Facebookが社運をかけたメタバースは、批判を乗り越えて存在感を見せることができるか
Facebookグループが社名を「メタ」に変えてまで注力しているメタバース「Horizon Worlds」が、世界中で大きな批判にさらされているようです。
きっかけになったのは、マーク・ザッカーバーグCEOが投稿した1枚のメタバース内での自撮り画像。もともとは、「Horizon Worlds」がフランスとスペインでも提供開始されることを紹介するための投稿だったのですが、その画像のクオリティの低さが様々な批判を集めるきっかけとなってしまいました。

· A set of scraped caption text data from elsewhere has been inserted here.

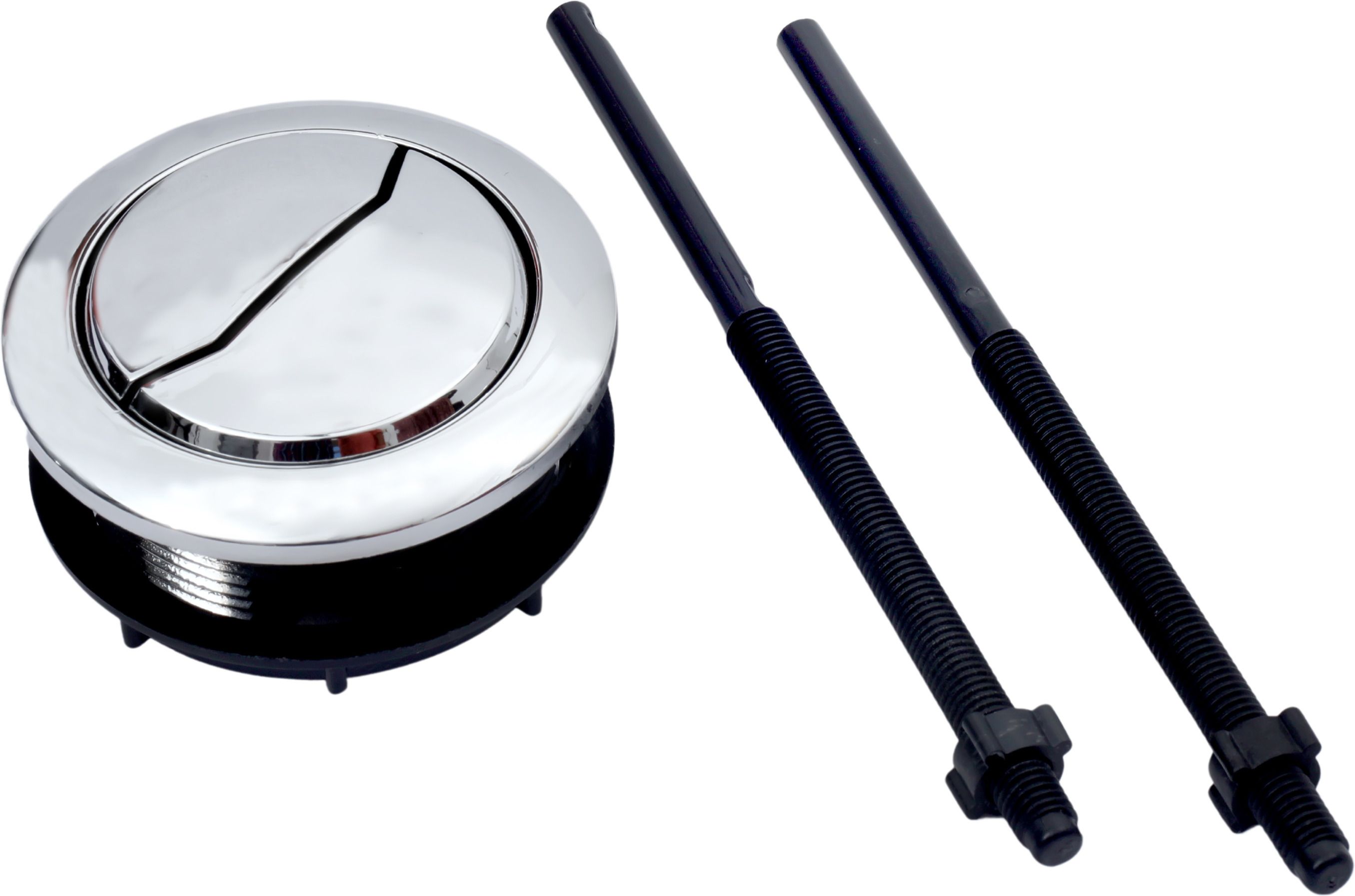 Dual Flush Knob Button for Single Piece Closets | 58 mm Round PE Flush Tank Lever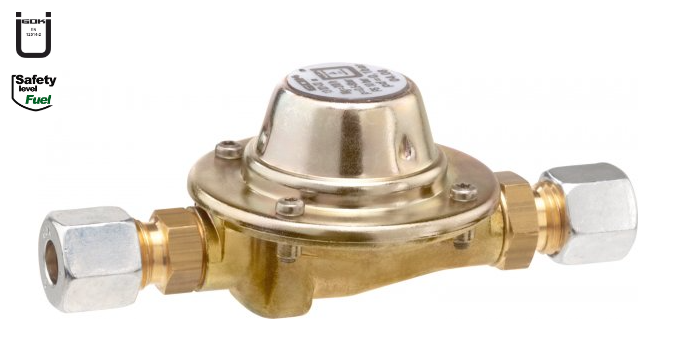 [251301] Öldruckregler 0,5-8bar für 8mm Cu-Rohr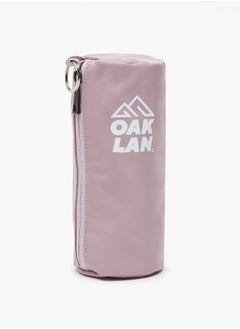 Oaklan by Shoexpress Logo Print Backpack with Pouch and Zip Closure - 42x32x16 cm  - Image 4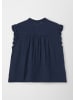 s.Oliver Bluse kurzarm in Blau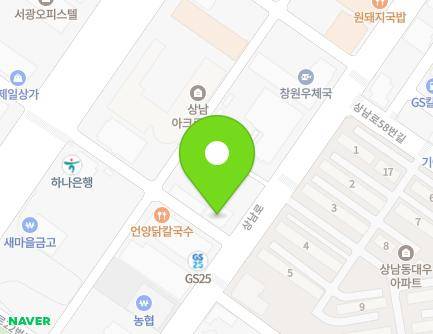 49 Sangnam-ro, Seongsan-gu, Changwon-si, Gyeongsangnam-do, Republic of Korea Map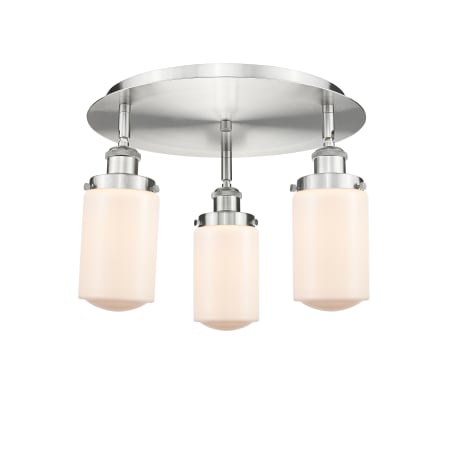 A large image of the Innovations Lighting 916-3C-10-17 Dover Flush Alternate Image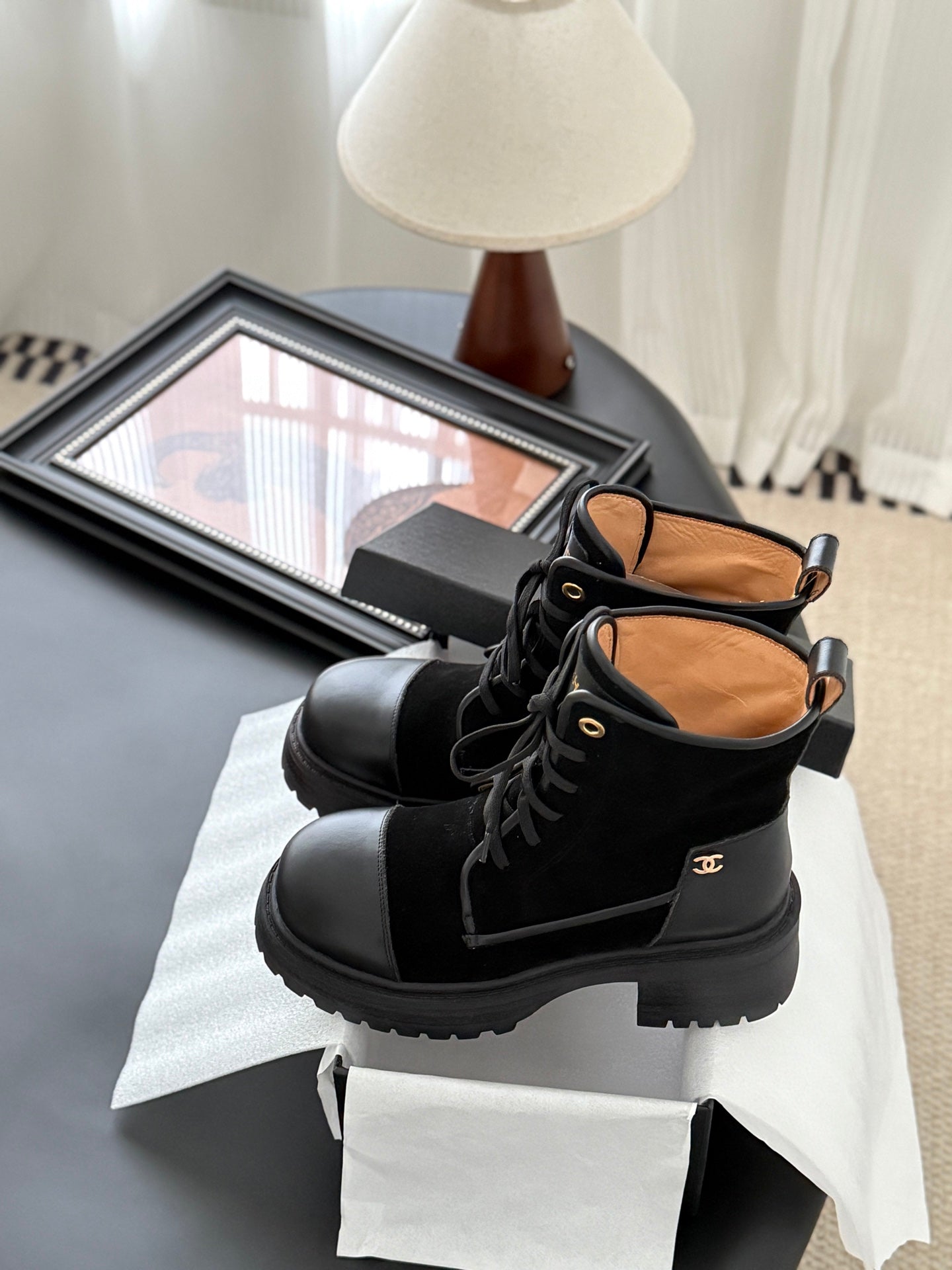 Chanel 25B Haute Couture Ankle Boots – Autumn/Winter Collection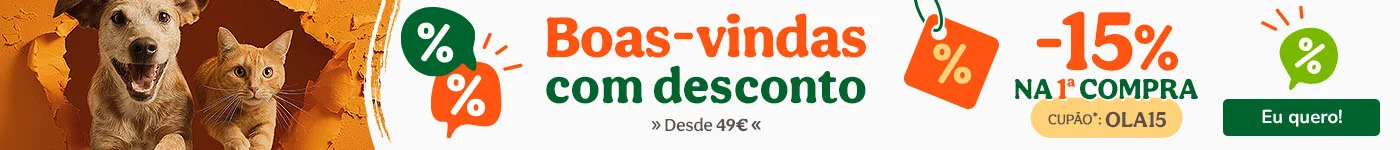 Descubra promoções mensais permanentes para patudos. Alimentação, acessórios e cuidados com descontos exclusivos.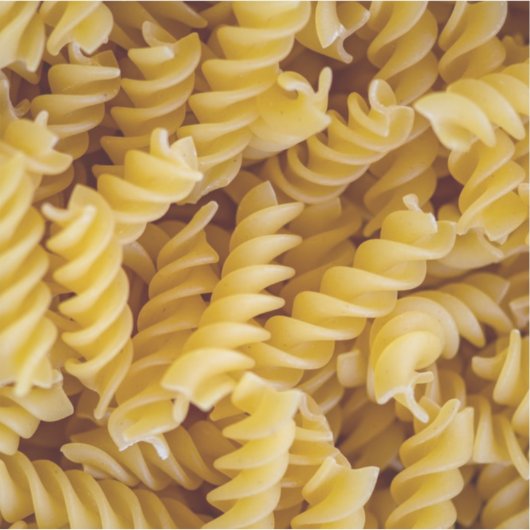 Pasta Fusilli Noodles Aufkleber (Vorderseite)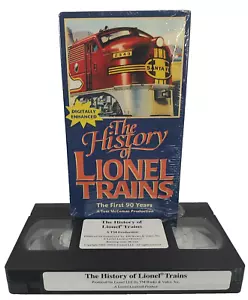 La historia de los trenes Lionel los primeros 90 años VHS 1999 modelo de ferrocarril 46 min - Imagen 1 de 4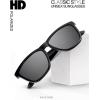 image:imageKALIYADI Sunglasses for Women Men Polarized and UV Protection Classic Rectangle Stylish Fashion Sun glasses3 PACK Matte blackgreyampTransparentpinkampPinkice blue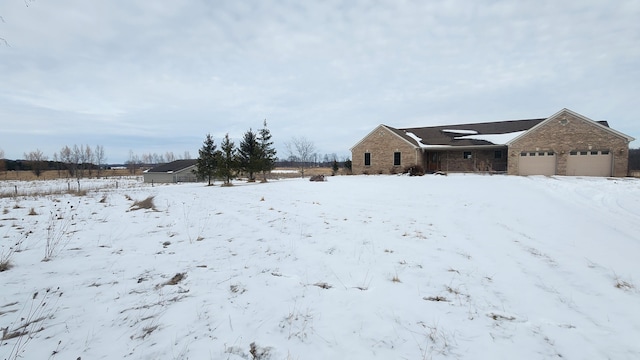 view of snowy yard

参考:Meta、メタバース「Horizon Worlds」をフランスとスペインでも提供開始
例えばこの画像を元に、2002年のゲームキューブのゲームみたいだと揶揄したツイートには4万以上のいいねがついています。
その後、ザッカーバーグCEOはFacebook側にHorizonとアバターのグラフィックは近日中にアップデートされる予定であることを投稿しています。

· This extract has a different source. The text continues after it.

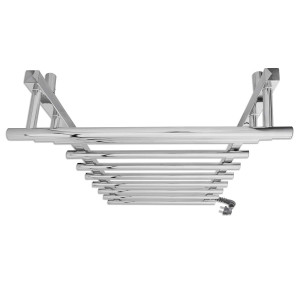 Электрический полотенцесушитель Laris Зебра Альфа ЧКЧ12 350 х 900 Э (подкл. слева) R3 фото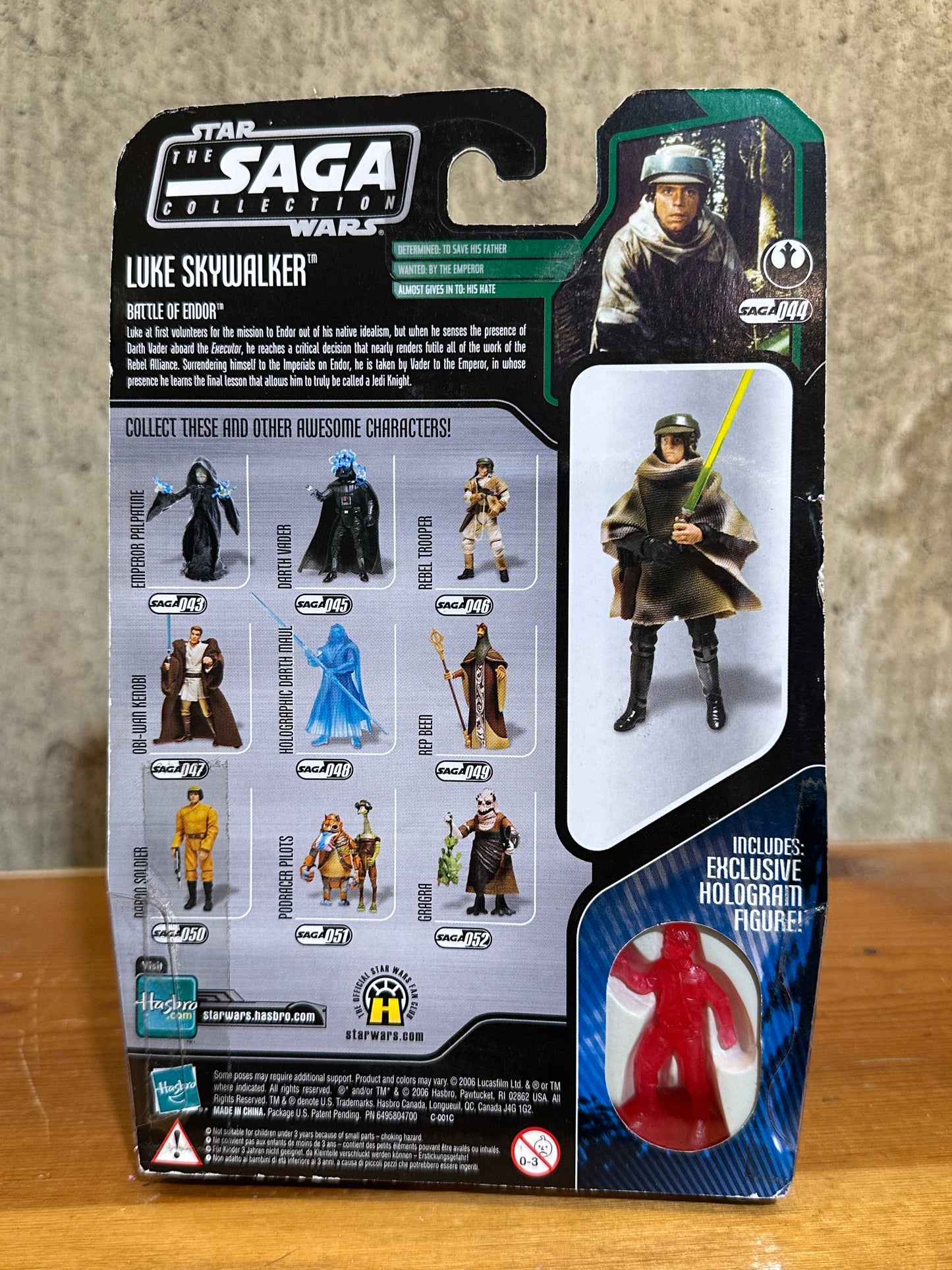 Star Wars Saga Collection Luke Skywalker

ただ、こちらはそれほどまだ大きな話題にはなっていないため、最初の投稿のネガティブインパクトを上回ることはできていないようです。
参考:マーク・ザッカーバーグ氏、自社メタバース内での“自撮り”写真を投稿するも「あまりにもクオリティーが低い」と騒然
本来、メタバースの成否は必ずしも画質だけで評価されるものではありませんし、今回の批判はザッカーバーグCEOが投稿した画像に対してのものであって、実際の「Horizon Worlds」への評価ではありません。
ただ、すでに30万登録を超えていると言われる「Horizon Worlds」ですが、まだまだファンを増やすには苦労しているのが現実ではあるようです。
特定の市場のリーダーにある企業が、新しい市場に挑戦する際に既存のユーザーやプレイヤーから批判されることは過去にも繰り返されてきた騒動ではあります。今後、メタ社の「Horizon Worlds」がどのようなポジションになるのか、過去のケースを事例に3つのシナリオをご紹介しましょう。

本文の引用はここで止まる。